All of the data must be written out verbatim, with pictures excluded.

#### Data below

#####

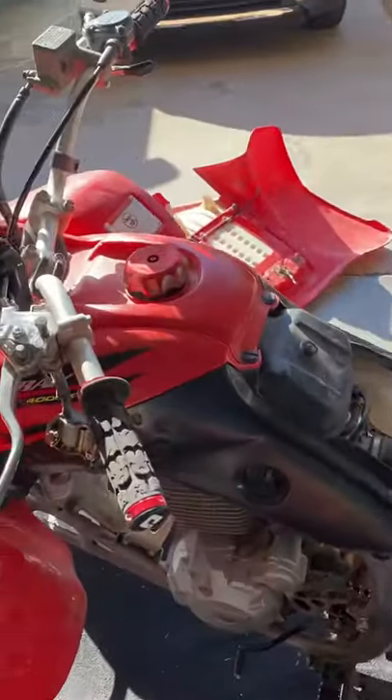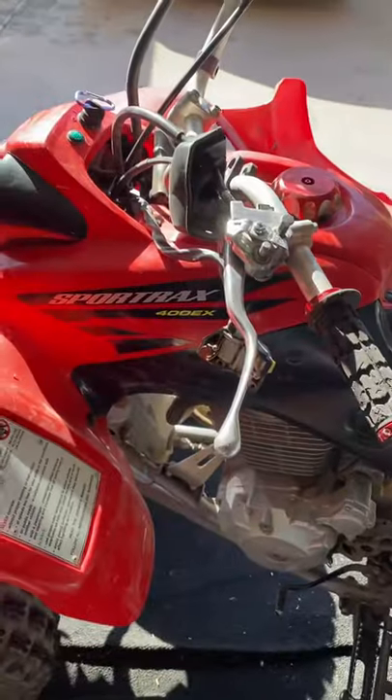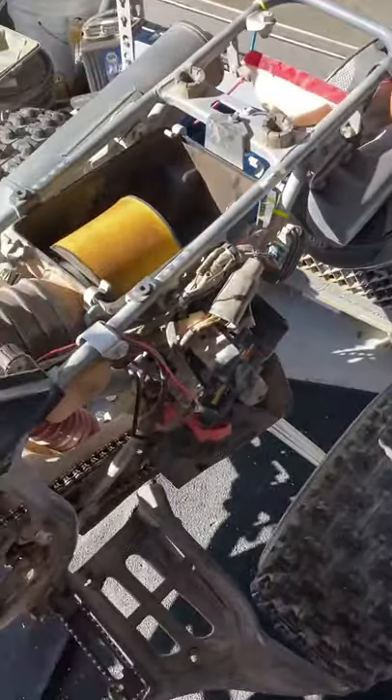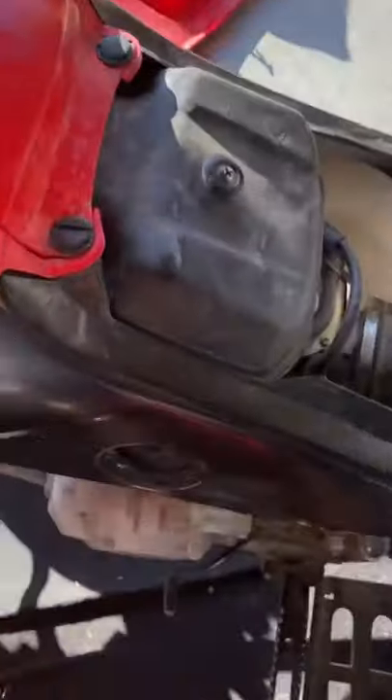This is my Honda 400EX. The other day I was riding and it just cut off on me. It wouldn't start again, so I tried charging the battery — I know it's the wrong size but I'm just testing it out. So I've got the key on and kill switch on.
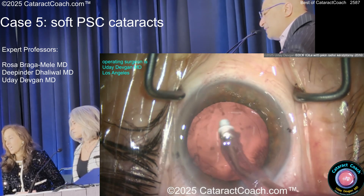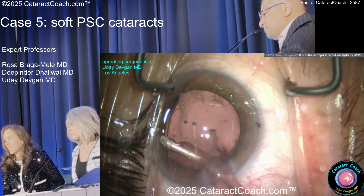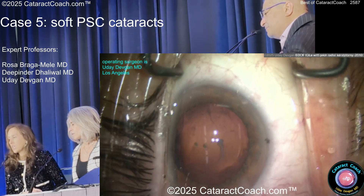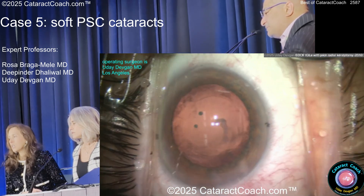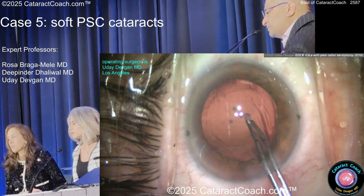Now look at this — there's some gooey stuff. It's a different case, PSC, I'm operating, so don't be too mean. What's that thing on the posterior capsule? Should you get that or not? I can't get it up with the aspirator. I would visco-dissect it. I'm trying to inject some viscoelastic but nothing happens. Did this patient have a vitrectomy or trauma? Am I being crazy? You're going to peel it?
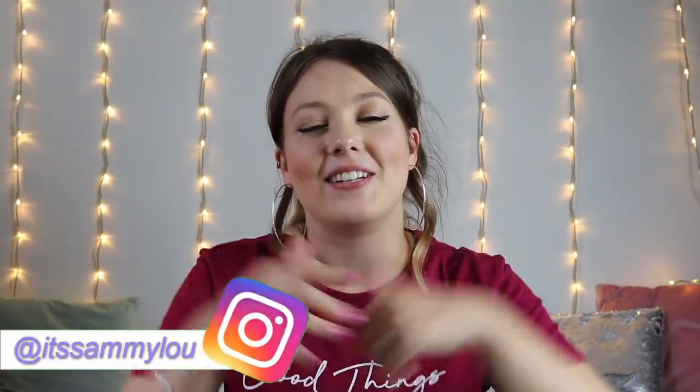We are going to be unboxing this, looking inside, and seeing if it's worth the money. If you enjoy this video, please don't forget to smash the thumbs up button, subscribe down below, and go follow me on Instagram at ItsSamiLoo. I'll leave the link in the description box as well. Without further ado, let's dive straight into this video.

#####

#### Response below
This is my Honda 400EX. The other day I was riding and it just cut off on me. It wouldn't start again, so I tried charging the battery — I know it's the wrong size but I'm just testing it out. So I've got the key on and kill switch on.
Now look at this — there's some gooey stuff. It's a different case, PSC, I'm operating, so don't be too mean. What's that thing on the posterior capsule? Should you get that or not? I can't get it up with the aspirator. I would visco-dissect it. I'm trying to inject some viscoelastic but nothing happens. Did this patient have a vitrectomy or trauma? Am I being crazy? You're going to peel it?
We are going to be unboxing this, looking inside, and seeing if it's worth the money. If you enjoy this video, please don't forget to smash the thumbs up button, subscribe down below, and go follow me on Instagram at ItsSamiLoo. I'll leave the link in the description box as well. Without further ado, let's dive straight into this video.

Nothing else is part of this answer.